** PROBLEM DETAILS **
Copy the records below exactly, starting at the line that contains "Wurth Elektronik WR-TBL" and ending at the line that contains "From Pokhara: 1"; leave out any pictures.

** RECORD EXTRACTS **
::::

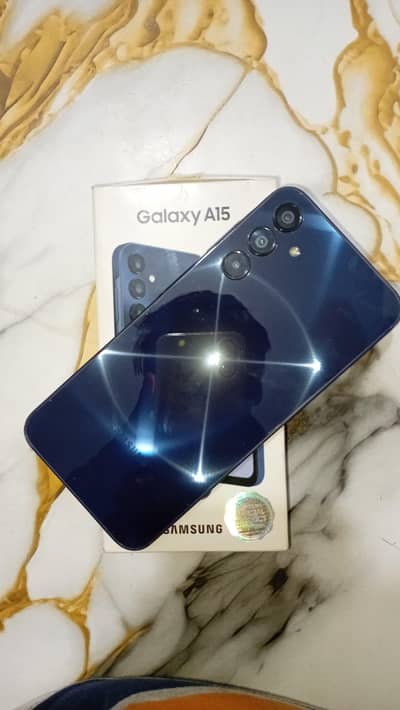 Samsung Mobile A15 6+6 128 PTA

::::

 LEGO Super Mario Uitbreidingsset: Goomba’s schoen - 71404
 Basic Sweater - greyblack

::::

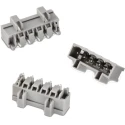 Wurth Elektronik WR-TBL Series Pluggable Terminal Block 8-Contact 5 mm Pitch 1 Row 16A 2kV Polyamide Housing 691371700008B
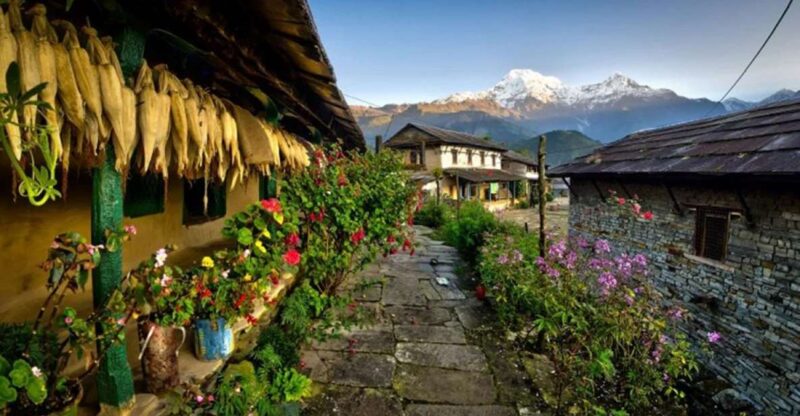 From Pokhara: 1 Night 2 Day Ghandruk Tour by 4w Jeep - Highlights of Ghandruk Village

::::

** WRITTEN SOLUTION **
 Wurth Elektronik WR-TBL Series Pluggable Terminal Block 8-Contact 5 mm Pitch 1 Row 16A 2kV Polyamide Housing 691371700008B
 From Pokhara: 1 Night 2 Day Ghandruk Tour by 4w Jeep - Highlights of Ghandruk Village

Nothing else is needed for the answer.